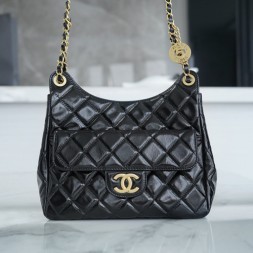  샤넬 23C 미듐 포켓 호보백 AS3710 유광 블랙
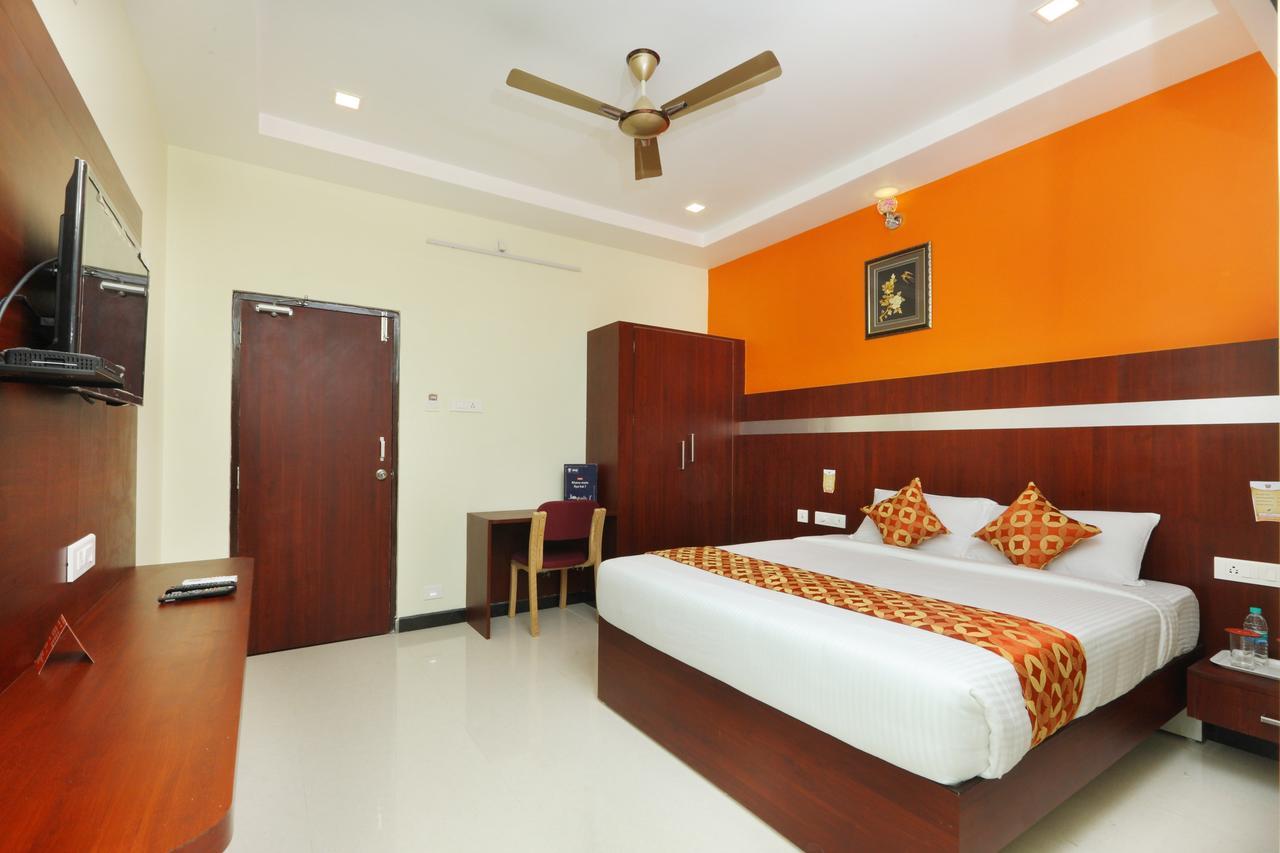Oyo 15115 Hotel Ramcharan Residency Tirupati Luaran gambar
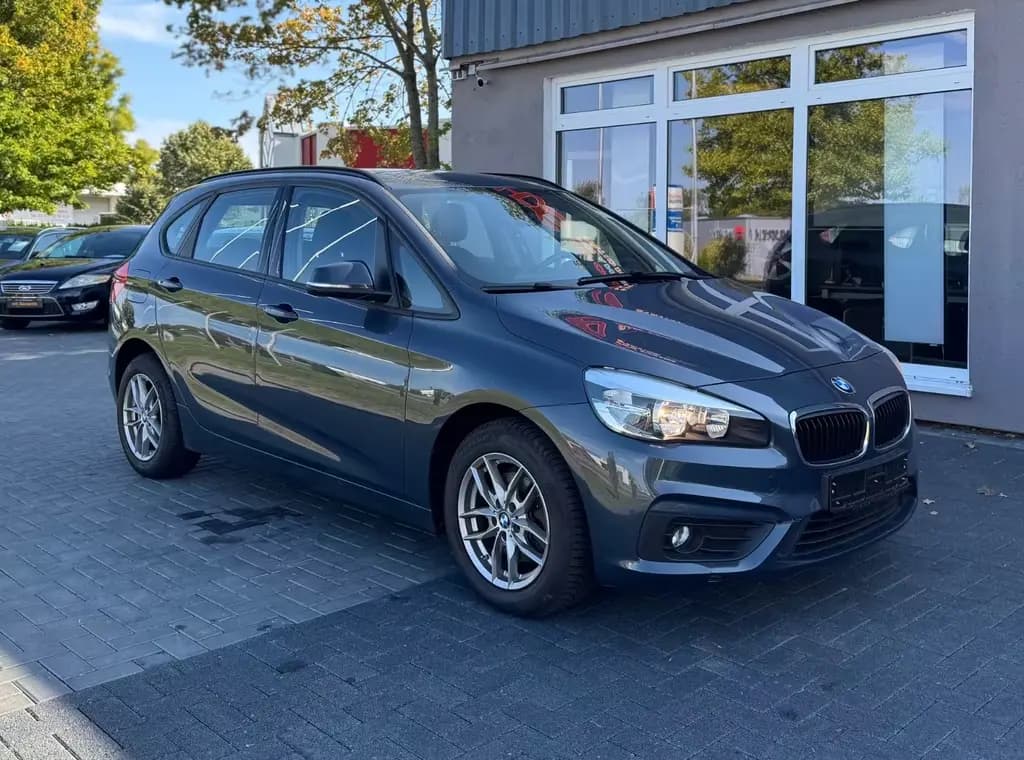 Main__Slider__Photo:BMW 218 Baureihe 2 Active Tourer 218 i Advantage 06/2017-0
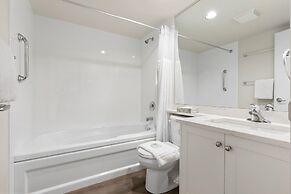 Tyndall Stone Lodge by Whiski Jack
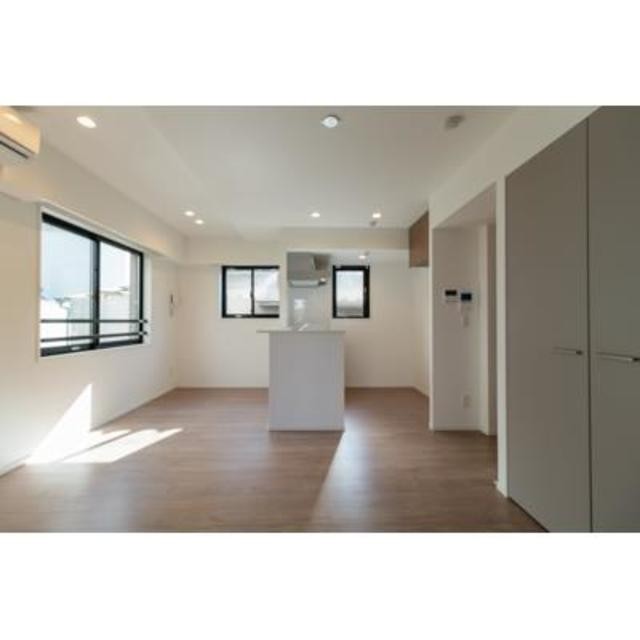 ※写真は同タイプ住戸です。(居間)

WORK REQUIRED> Reproduce, with the pictures omitted, exactly those lines that run from the line with "Tyndall Stone Lodge by Whiski Jack" to the last line of the material, both ends included.

TASK SOLUTION>
 Tyndall Stone Lodge by Whiski Jack
 ※写真は同タイプ住戸です。(居間)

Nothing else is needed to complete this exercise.